We have managed thus far to navigate fairly easy despite being illiterate. And many thanks goes out to the lovely google maps for being most helpful finding our way around. However, the one thing google maps doesn’t seem to indicate…is what is and isn’t a sidewalk…and if it allows vehicles (which come on, they usually don’t). The first time we mistook a sidewalk for a road was when we were driving past Kozoji station. We followed directions indicating to go straight, then turn left. We reached a dead end, and turned left. It wasn’t until I got to the end of the “road” when I realized we were on a sidewalk. Luckily the honda fit fits in between posts. 

Tonight, we hit sidewalk #2…at least I think it was a sidewalk. Again, google maps said to go straight (oh and did I mention trying to avoid large ditches on the sides of the road…usually on streets that are “2-way traffic” but really only one car fits at a time…so narrow that I have to push the automatic button to close the side mirrors…ya. Just saying. 

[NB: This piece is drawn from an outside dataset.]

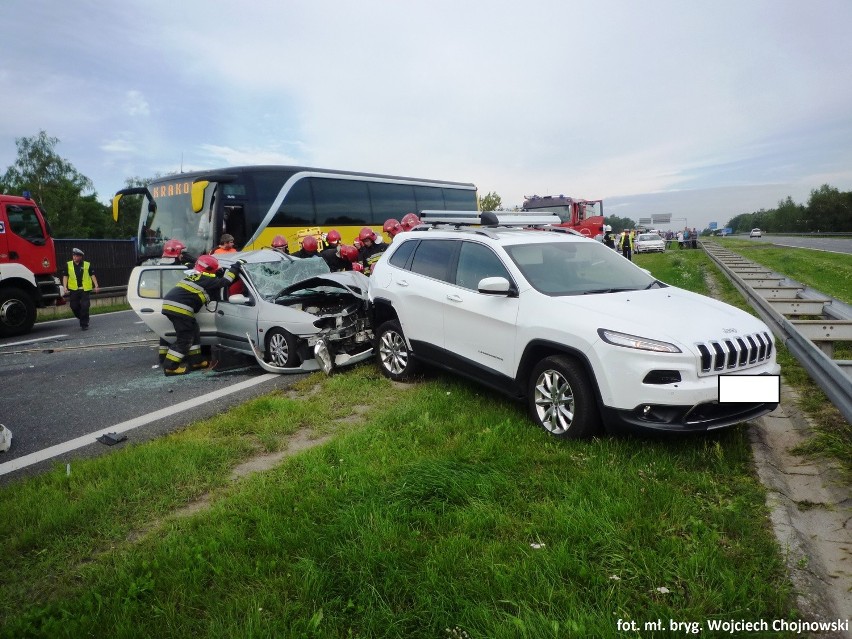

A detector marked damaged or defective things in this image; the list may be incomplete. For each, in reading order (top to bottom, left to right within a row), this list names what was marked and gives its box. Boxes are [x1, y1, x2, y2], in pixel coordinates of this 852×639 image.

shattered windshield [245, 256, 332, 302]
shattered windshield [506, 241, 660, 296]
damaged silver car [127, 250, 372, 376]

So maps tells us to go straight, and turn left ahead. It was dark, pitch black actually and I see a bunch of flashing, moving, circling lights up ahead. Apparently the road ends, and you can only go left or right. Directions say to go left…so I do. Other cars ALL go right. As I am driving down, I realize there are no more road paint (many roads have words painted on them) and there is an older couple walking down it. To the left is the river…to the right is the ditch? Not sure, but both sides were pitch black and deep drop offs. I stop…Paul, is this a sidewalk? In the end, I reversed it all the way back (go me, I kept it straight), and went the other way. We of course made it where we were going…but seriously. I need to learn Japanese (Kanji, katakana, and hiragana. Look it up). So, I have become fluent already in sidewalk driving. If you want a lesson, let me know. 

Now, the first day of school! 

Kids weren’t supposed to arrive until 8 and for the first day only they came straight to the room. Glad I was there early because several showed up at 7:45! BY 8:45 all kids were here. I met most of the parents, only those whose children came in on the bus (which actually pick up students from the local train stations! So the kids come from allll over!) I didn’t meet. I have a very talkative group. Teachers know that usually the first day is quiet. The kids are excited, but nervous and maybe sleepy. Nope, not here. They were vibrant and wide awake. 

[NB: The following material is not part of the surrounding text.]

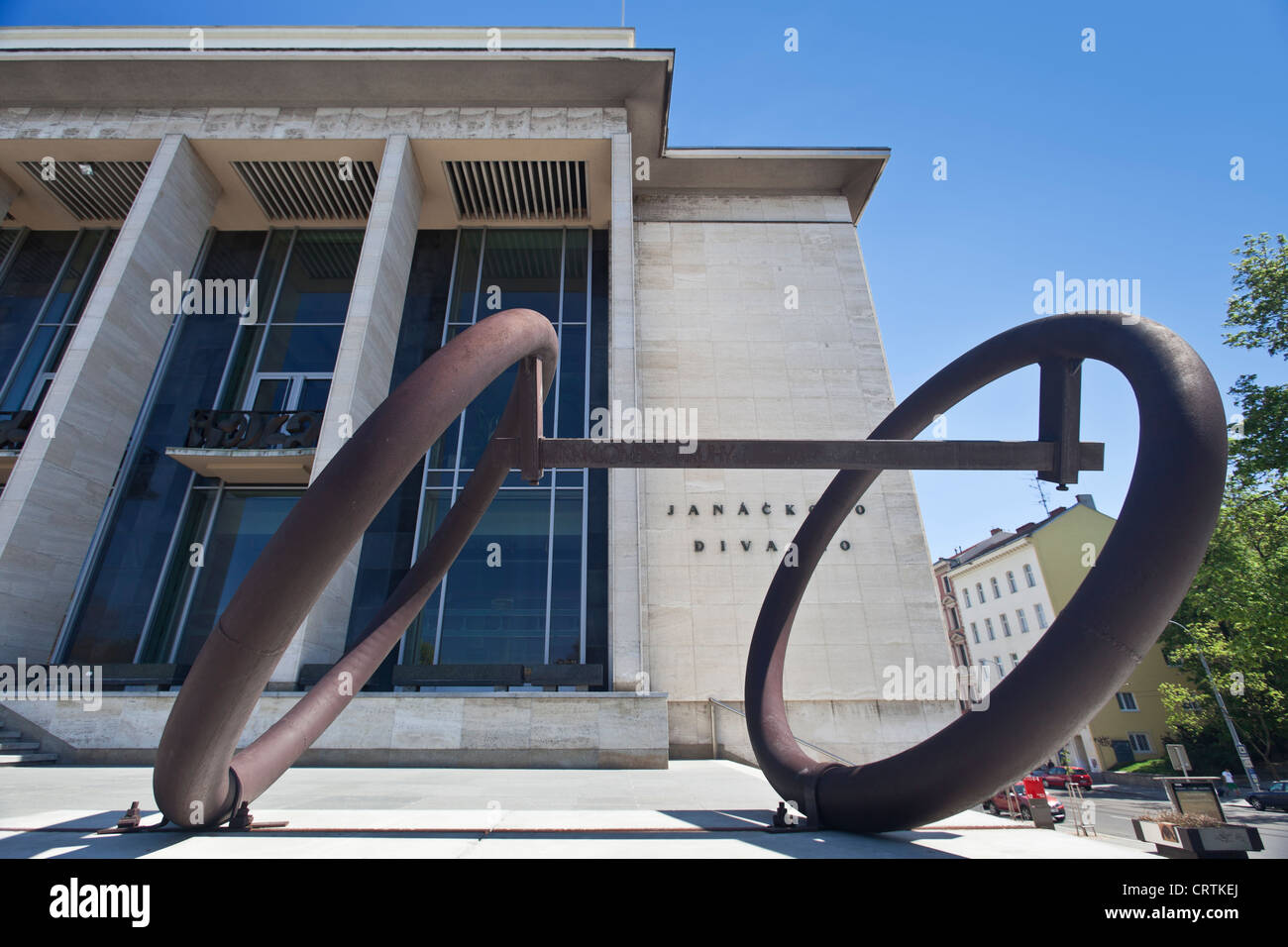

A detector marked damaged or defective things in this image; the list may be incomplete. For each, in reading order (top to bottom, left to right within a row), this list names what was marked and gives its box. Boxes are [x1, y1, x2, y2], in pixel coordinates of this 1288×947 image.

rusty steel sculpture [153, 307, 1226, 834]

I received some cute gifts from a couple students-you probably already saw the skull bracelet. It was cute. I promised her I would wear my other skull jewelry so she would know that I really did like it. When she saw me today, I could tell she was eager to find out. I showed her my bracelet and earrings, and she grinned big time and hugged me hard. It was precious! 
My day was relatively short. Because we are a small K-12 school (350 kids), we have crazy schedules. The kids were with me for only 15 minutes before we had the welcome assembly in the commons. Following that they went to music. From there, they split into Japanese classes. Then, we went to lunch/recess. I finally had them with me at 1:15, but on Wednesdays it’s early dismissal, so they left at 2:00. We hardly got anything done, but had a great day. 

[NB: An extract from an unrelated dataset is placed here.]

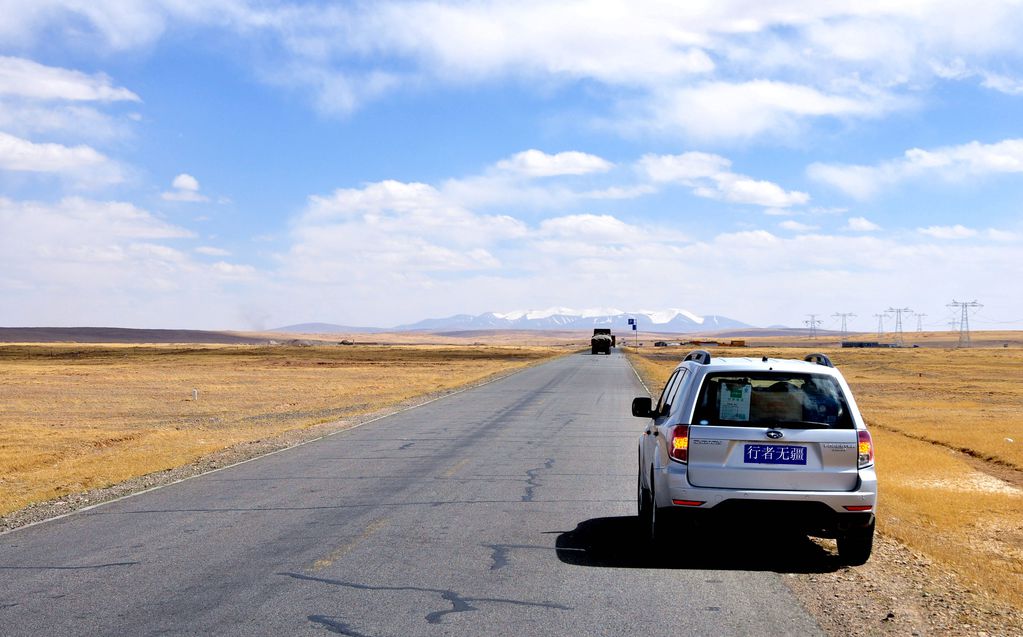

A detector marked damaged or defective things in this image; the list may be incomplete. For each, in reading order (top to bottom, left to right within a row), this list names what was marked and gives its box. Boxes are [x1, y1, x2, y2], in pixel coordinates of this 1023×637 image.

crack in asphalt [523, 458, 556, 503]
crack in asphalt [280, 572, 572, 625]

Today was day 2, and they came in just as eager, but followed directions and listened better. That was nice. I was sleeeepy today. Today I had them until 1145-they had lunch, then Japanese again. After Japanese, I had them until dismissal at 3:25. Dismissal is strange! No bell, no announcements. Just watch the clock. Some parents start hanging out by the door, and when we are ready, and it’s close enough to 3:25, I send them off with their parents. Then one group goes out my back door to car riders, and the other group out the front door towards buses. It’s strange, but it works. 

Tomorrow they have art, lunch, then PE back to back. Will I ever get used to this? This is just the week 1 schedule. Next week is a week 2 schedule. It alternates all year. 

Overall it’s been great having the kids. I have been so excited to move here, and learn, and experience the food and culture…but I came to teach. And finally, that’s here. 

The kids are fairly quirky, and come from all over. I know many of you have been waiting to hear about my class makeup, so here goes. 

About 4 from USA, 2 Korean, 1 Dutch, 1 South African, 1 British/Japanese, 1 Korean/Japanese, 5 Japanese. They come with so much knowledge, and fascination with everything. This will certainly be an exciting year!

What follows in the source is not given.